▶ [PROBLEM STATEMENT]:
In the entries that follow, repeat exactly the lines from the one that has "Advanced English Course" through the one that has "Koekelarestraat 13 Breda thumbnail 10", but omit pictures.

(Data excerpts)
● ● ●

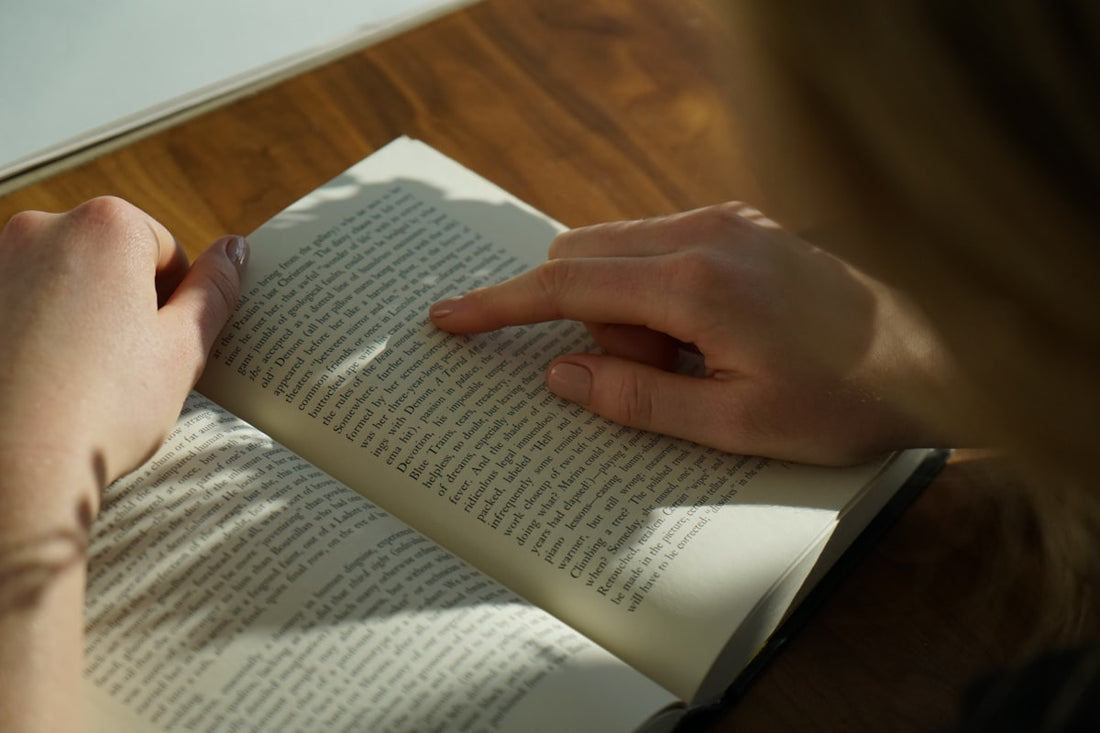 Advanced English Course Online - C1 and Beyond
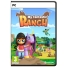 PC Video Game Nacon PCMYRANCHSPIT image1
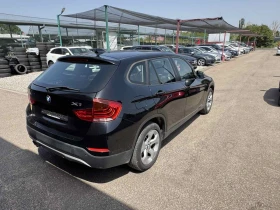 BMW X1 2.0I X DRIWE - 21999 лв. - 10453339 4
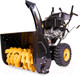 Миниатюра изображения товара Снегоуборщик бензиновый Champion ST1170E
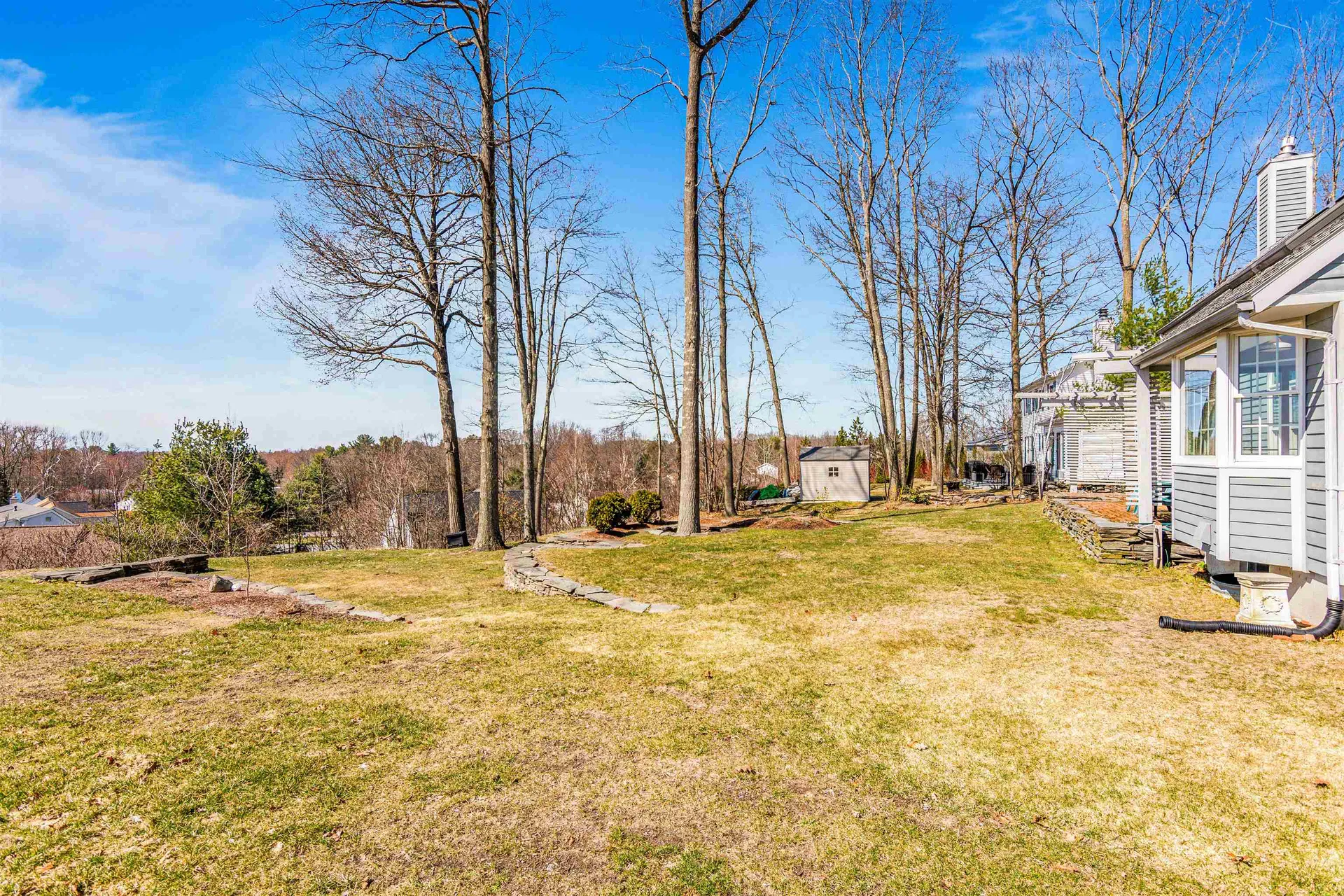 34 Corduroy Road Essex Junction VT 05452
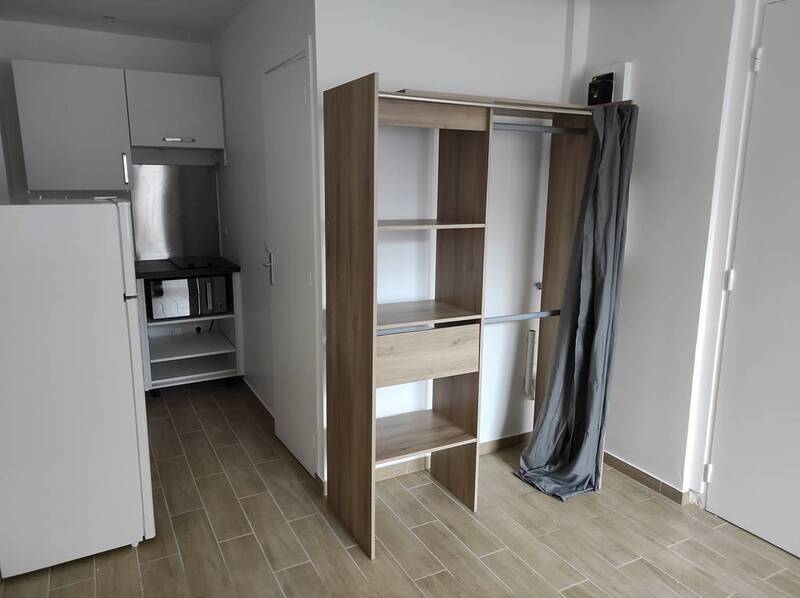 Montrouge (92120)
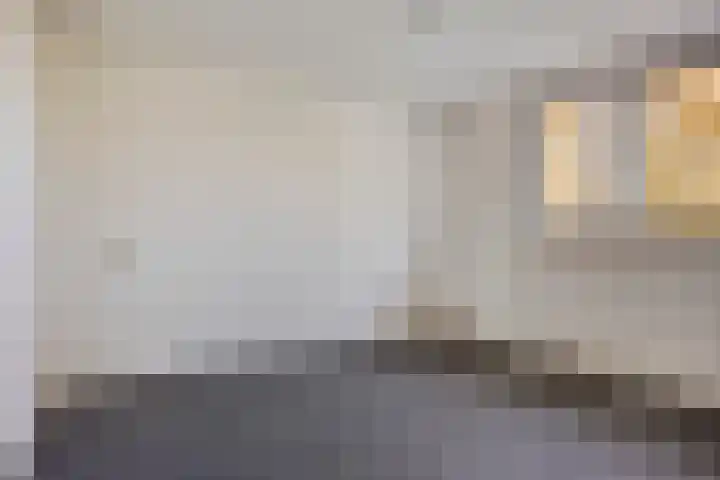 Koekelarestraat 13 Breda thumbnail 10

● ● ●

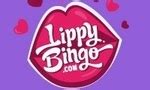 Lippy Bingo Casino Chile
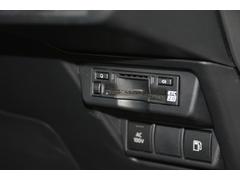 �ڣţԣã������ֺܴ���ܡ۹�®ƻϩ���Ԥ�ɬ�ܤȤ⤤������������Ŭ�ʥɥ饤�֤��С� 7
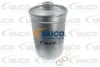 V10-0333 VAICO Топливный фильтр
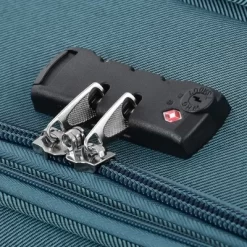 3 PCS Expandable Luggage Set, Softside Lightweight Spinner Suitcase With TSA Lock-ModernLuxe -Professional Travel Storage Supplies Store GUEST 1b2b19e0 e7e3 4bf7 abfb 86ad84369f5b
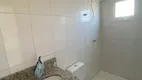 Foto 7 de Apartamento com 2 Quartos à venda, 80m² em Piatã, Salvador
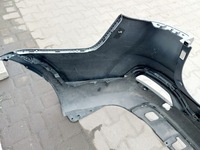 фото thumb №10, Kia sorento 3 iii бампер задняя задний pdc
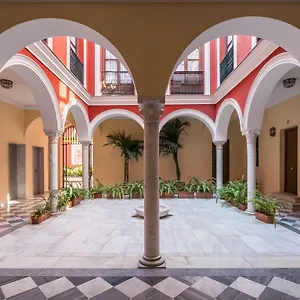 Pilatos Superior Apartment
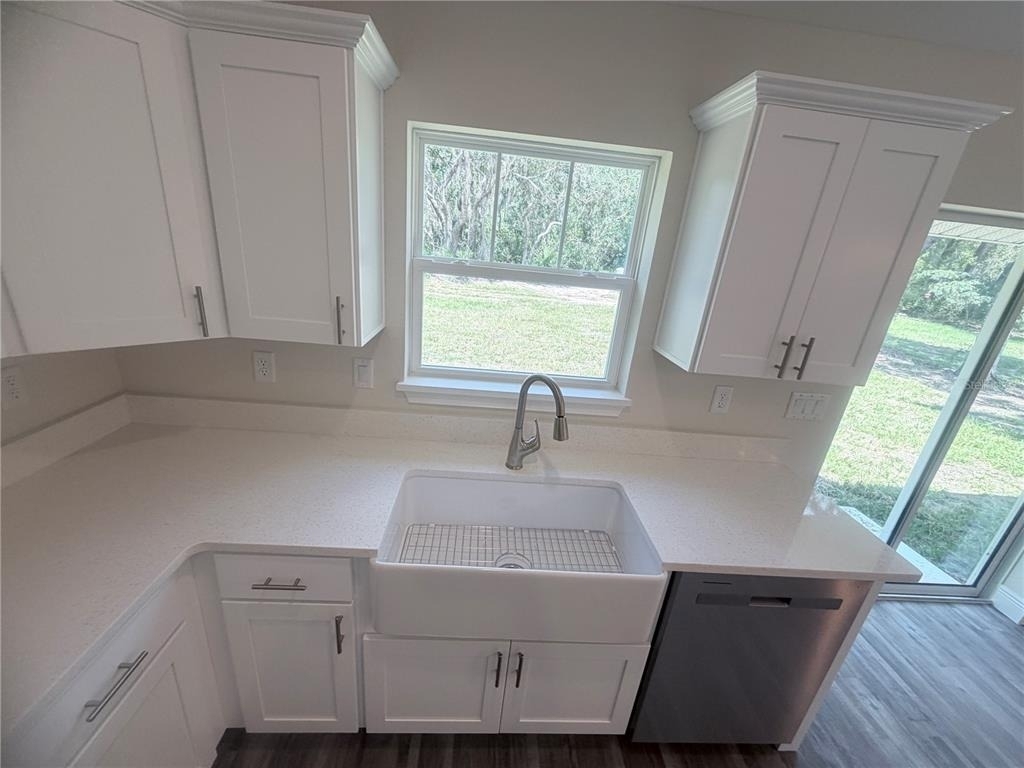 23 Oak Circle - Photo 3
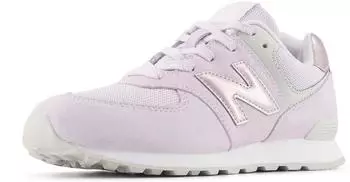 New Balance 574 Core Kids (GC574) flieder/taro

● ● ●

▶ [RESPONSE AREA]:
 Advanced English Course Online - C1 and Beyond
 PC Video Game Nacon PCMYRANCHSPIT image1
 BMW X1 2.0I X DRIWE - 21999 лв. - 10453339 4
 Миниатюра изображения товара Снегоуборщик бензиновый Champion ST1170E
 34 Corduroy Road Essex Junction VT 05452
 Montrouge (92120)
 Koekelarestraat 13 Breda thumbnail 10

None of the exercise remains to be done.